I’d love to see a discussion of this concern, for example in the form of an entry under “Arguments against working on AI risk to which we think there are strong responses”, or some content about how to make sure that the work is actually beneficial.
Final note: I hope this didn’t sound too adversarial. My question is not meant as a critique of the article, but rather a genuine question that makes me hesitant to switch to AI safety work.
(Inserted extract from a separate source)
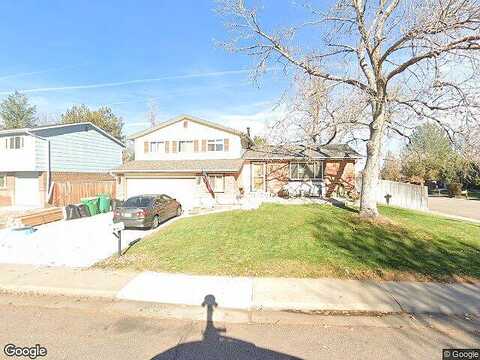 Maplewood, LITTLETON, CO 80123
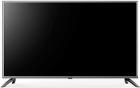 Телевизор Starwind SW-LED55UG400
(Responding on Benjamin’s behalf, as he’s away right now):
Agree that it’s hard to know what works in AI safety + it’s easy to do things that make things worse rather than better. My personal view is that we should expect the field of AI safety to be overall good because people trying to optimise for a thing will overall move things in its direction in expectation even if they sometimes move away from it by mistake. It seems unlikely that the best thing to do is nothing, given that AI capabilities are racing forward regardless.
I do think that the difficulty of telling what will work is a strike against pursuing a career in this area, because it makes the problem less tractable, but it doesn’t seem decisive to me.
I appreciate the response, and I think I agree with your personal view, at least partially. “AI capabilities are racing forward regardless” is a strong argument, and it would mean that AI safety’s contribution to AI progress would be small, in relative terms.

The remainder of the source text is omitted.